Disable MPI because Ubuntu does not provide Fortran bindings for LLVM Flang.
Disable quadruple-precision math because Ubuntu distributes a Flang compiler runtime without support for it. (And reportedly [1], the upstream support for quadruple-precision floating-point math in Flang isn't ready yet either if I understood correctly.)

Also fix some build errors after configuring with -DHAVE_QP=ON and enable it by default (like until recently). (Addressed in #745.)

@mmuetzel
Copy link
Contributor Author

mmuetzel commented Dec 27, 2025

Some tests seem to be failing with Flang as the Fortran compiler.
E.g., with runtime errors like this:

fatal Fortran runtime error(/home/runner/work/elmerfem/elmerfem/fem/src/modules/MagnetoDynamics/CalcFields.F90:1145): Assign: mismatching element counts in array assignment (to 15, from 6)

I don't know if that is an issue with the compiler, with its runtime or if it actually points at something that might be suspicious in ElmerFEM.

@mmuetzel
Copy link
Contributor Author

mmuetzel commented Jan 1, 2026

Would it make sense to split the PR into two parts so that you could merge that part that fixes building with support for quadruple-precision floating point number, and leave the part with the CI using LLVM Flang for later?

@mmuetzel
Copy link
Contributor Author

mmuetzel commented Jan 9, 2026

Rebased on a current head after #745 was merged.

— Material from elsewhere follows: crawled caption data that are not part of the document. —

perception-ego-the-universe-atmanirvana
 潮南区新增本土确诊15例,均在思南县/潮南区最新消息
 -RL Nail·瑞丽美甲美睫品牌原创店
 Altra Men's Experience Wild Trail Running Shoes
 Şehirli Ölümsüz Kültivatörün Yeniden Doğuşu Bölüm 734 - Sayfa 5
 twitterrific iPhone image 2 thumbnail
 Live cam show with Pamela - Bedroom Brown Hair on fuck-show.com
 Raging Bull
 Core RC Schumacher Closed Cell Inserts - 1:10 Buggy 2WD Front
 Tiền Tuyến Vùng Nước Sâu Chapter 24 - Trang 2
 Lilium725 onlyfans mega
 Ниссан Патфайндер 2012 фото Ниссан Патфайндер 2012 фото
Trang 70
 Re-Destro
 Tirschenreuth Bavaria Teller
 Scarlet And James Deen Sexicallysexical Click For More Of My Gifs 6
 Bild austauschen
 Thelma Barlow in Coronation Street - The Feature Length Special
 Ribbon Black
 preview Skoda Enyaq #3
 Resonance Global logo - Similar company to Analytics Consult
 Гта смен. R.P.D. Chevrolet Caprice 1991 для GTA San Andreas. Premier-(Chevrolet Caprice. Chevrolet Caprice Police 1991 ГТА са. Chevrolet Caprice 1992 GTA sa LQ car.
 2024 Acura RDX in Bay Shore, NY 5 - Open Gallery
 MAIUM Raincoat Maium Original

@mmuetzel mmuetzel marked this pull request as ready for review January 9, 2026 11:21
@mmuetzel mmuetzel changed the title Fix building with quadruple-precision fp support and add CI runner building with LLVM Flang Add CI runner building with LLVM Flang Jan 9, 2026
@juharu
Copy link
Contributor

juharu commented Jan 9, 2026

Some tests seem to be failing with Flang as the Fortran compiler. E.g., with runtime errors like this:

fatal Fortran runtime error(/home/runner/work/elmerfem/elmerfem/fem/src/modules/MagnetoDynamics/CalcFields.F90:1145): Assign: mismatching element counts in array assignment (to 15, from 6)

I don't know if that is an issue with the compiler, with its runtime or if it actually points at something that might be suspicious in ElmerFEM.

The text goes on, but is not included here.